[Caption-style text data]
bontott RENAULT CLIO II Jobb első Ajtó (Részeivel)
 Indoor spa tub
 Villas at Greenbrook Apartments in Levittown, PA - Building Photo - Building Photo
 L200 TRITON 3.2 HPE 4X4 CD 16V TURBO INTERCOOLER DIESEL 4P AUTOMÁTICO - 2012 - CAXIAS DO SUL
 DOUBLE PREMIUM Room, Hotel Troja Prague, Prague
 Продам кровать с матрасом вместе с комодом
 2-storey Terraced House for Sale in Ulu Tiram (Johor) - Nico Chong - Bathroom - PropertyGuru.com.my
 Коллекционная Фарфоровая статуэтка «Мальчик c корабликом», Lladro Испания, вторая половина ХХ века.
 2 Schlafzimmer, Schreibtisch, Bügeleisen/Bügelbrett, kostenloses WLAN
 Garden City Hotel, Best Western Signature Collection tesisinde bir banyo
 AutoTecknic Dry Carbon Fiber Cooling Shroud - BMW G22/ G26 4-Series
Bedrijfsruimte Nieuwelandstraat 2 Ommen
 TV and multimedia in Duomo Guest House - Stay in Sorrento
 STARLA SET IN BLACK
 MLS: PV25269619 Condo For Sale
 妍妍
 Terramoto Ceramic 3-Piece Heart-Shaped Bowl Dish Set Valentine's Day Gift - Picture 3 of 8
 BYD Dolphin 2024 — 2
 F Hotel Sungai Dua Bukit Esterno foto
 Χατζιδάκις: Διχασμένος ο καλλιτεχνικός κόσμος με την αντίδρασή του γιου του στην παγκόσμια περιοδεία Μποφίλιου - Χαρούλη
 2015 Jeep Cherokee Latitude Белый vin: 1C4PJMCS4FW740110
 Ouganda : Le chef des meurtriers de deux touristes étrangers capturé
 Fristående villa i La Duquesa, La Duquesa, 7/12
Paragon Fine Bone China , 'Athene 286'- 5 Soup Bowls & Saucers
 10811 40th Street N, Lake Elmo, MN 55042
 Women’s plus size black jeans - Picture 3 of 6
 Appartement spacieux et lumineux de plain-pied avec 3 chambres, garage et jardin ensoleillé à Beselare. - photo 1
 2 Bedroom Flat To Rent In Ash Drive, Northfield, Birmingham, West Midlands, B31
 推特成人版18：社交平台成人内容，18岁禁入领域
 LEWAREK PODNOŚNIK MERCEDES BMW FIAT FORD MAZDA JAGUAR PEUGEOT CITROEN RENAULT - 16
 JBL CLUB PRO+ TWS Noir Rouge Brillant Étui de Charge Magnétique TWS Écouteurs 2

▶ **WHAT IS BEING ASKED**: Starting from the top of the records and ending at the line that contains "Garden City Hotel, Best", repeat each line exactly and return only those lines.

▶ **REPLY**:
bontott RENAULT CLIO II Jobb első Ajtó (Részeivel)
 Indoor spa tub
 Villas at Greenbrook Apartments in Levittown, PA - Building Photo - Building Photo
 L200 TRITON 3.2 HPE 4X4 CD 16V TURBO INTERCOOLER DIESEL 4P AUTOMÁTICO - 2012 - CAXIAS DO SUL
 DOUBLE PREMIUM Room, Hotel Troja Prague, Prague
 Продам кровать с матрасом вместе с комодом
 2-storey Terraced House for Sale in Ulu Tiram (Johor) - Nico Chong - Bathroom - PropertyGuru.com.my
 Коллекционная Фарфоровая статуэтка «Мальчик c корабликом», Lladro Испания, вторая половина ХХ века.
 2 Schlafzimmer, Schreibtisch, Bügeleisen/Bügelbrett, kostenloses WLAN
 Garden City Hotel, Best Western Signature Collection tesisinde bir banyo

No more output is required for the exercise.